### YOUR OBJECTIVE
Beneath this line is the data. Output exactly the lines from the line with "fatumahnisha" to the line with "Phaenom Fs 01", both ends included, and nothing more.

### PROVIDED DATA
....................
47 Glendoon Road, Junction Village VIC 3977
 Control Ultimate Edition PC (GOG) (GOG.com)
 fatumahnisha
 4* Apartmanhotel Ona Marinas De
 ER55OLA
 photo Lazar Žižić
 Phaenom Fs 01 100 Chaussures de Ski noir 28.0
....................
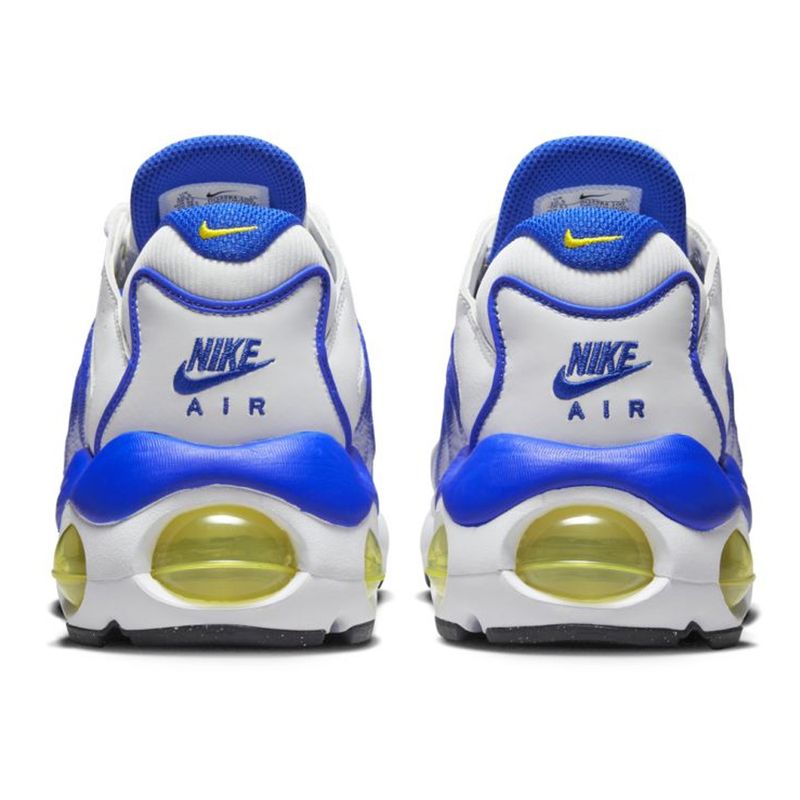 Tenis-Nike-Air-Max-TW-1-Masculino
....................
### RESULT
 fatumahnisha
 4* Apartmanhotel Ona Marinas De
 ER55OLA
 photo Lazar Žižić
 Phaenom Fs 01 100 Chaussures de Ski noir 28.0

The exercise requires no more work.